On Black Friday we’ll be tempted with alluring deals for designer denim and holiday dresses, puffer jackets and fleece leggings. We may already have started to plunk items into our virtual carts, buoyed by the visions of a refreshed wardrobe (at 50% off! Enter code: HURRY!).
Annie Humphrey would invite us to pause before we click to order. The Anishinabe singer-songwriter from Leech Lake Reservation in northern Minnesota, known for her heart-tugging folk music, has recently pivoted to fashion. But not the kind of garments produced by the fast-fashion industry that many of us fuel through our purchases.
Humphrey’s style mantra is anything but fast. About a year ago she started applying her sewing skills to upcycle secondhand clothing, adding value with a whimsical or creative twist. She scours thrift stores for quality clothing and customizes the pieces with a cool patch here, a swath of drapery there.

More than a dozen of her favorite reconstructed items have appeared in “sustainable fashion shows” that she and her new arts collective, Fire in the Village, hosts before their live music performances. They’ll do it again at the last show of the tour, on Black Friday at the Hook & Ladder Theater in Minneapolis.
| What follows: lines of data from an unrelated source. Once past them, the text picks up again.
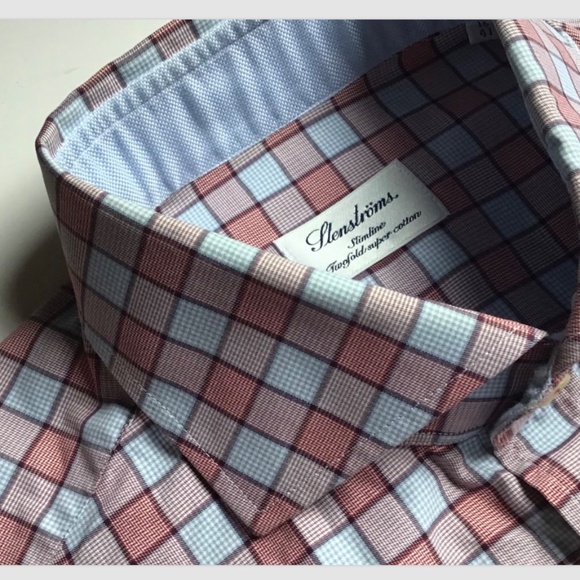 Stenstroms slimline 2 fold super cotton checkered dress shirt Sz 16 - Picture 5 of 11
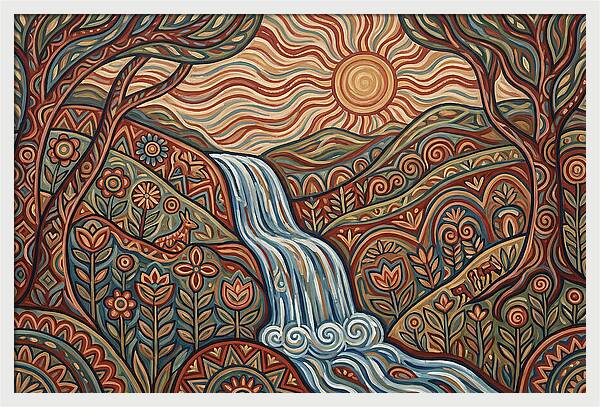 Flowing Waterfalls Under Sunlight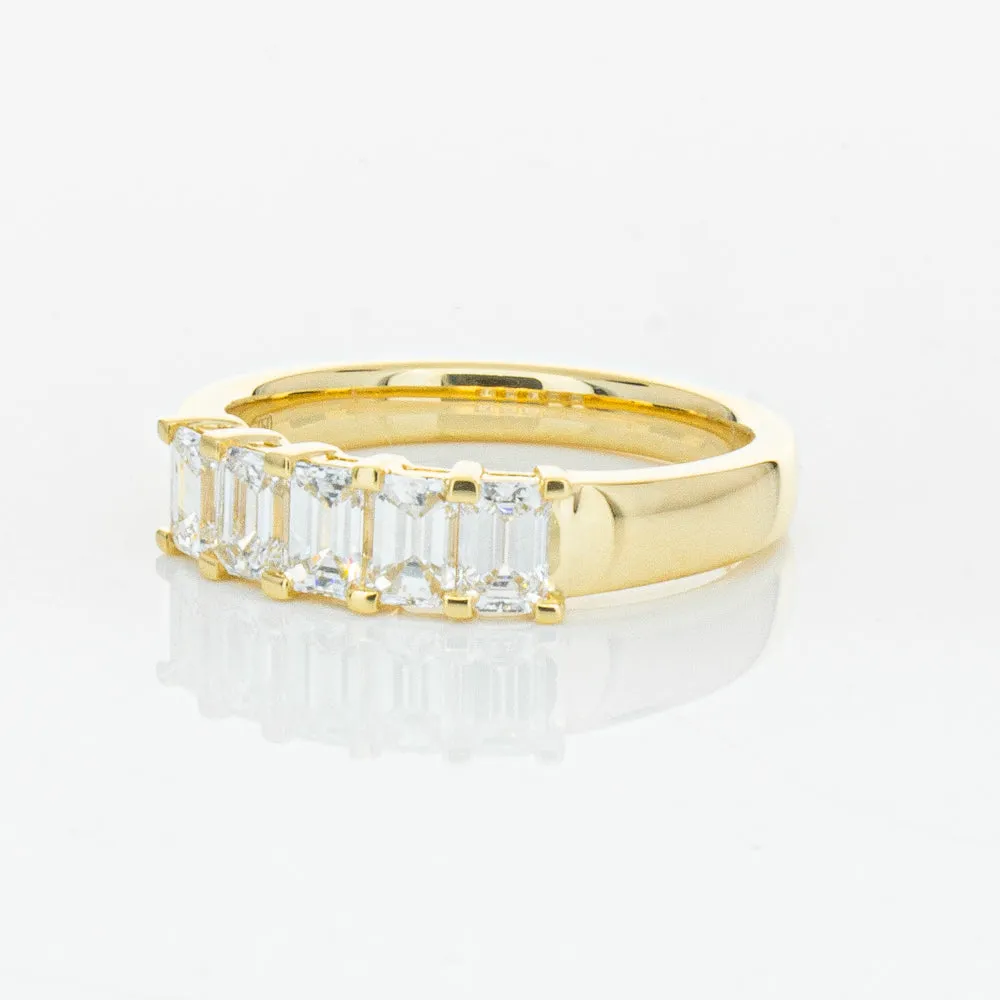 18ct Yellow Gold 1.02ct Emerald Cut Diamond Asra Ring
“I had a curtain from my bathroom — it was hanging up for 10 years,” Humphrey said about one of her creations. “And I thought, this is a beautiful piece of fabric. I should make something.”
She started putting her own imprint on secondhand clothing after she heard a story on the radio about an illegal landfill in Chile’s Atacama Desert. The mountain of imported and abandoned clothing, hailing from all over Asia, Europe and the United States, is so huge that it’s visible from space.
You could say that these piles of fabric, much of it synthetic and not biodegradable, are a symbol of our obsession with new things — and the mindless ease with which we discard them. We Americans buy about five times the amount of clothing than we did in 1980. In the UK, the average piece is worn only seven times before discarded, according to one study.
“We’re just consumers. We go through everything,” Humphrey said. “It’s a disposable society.”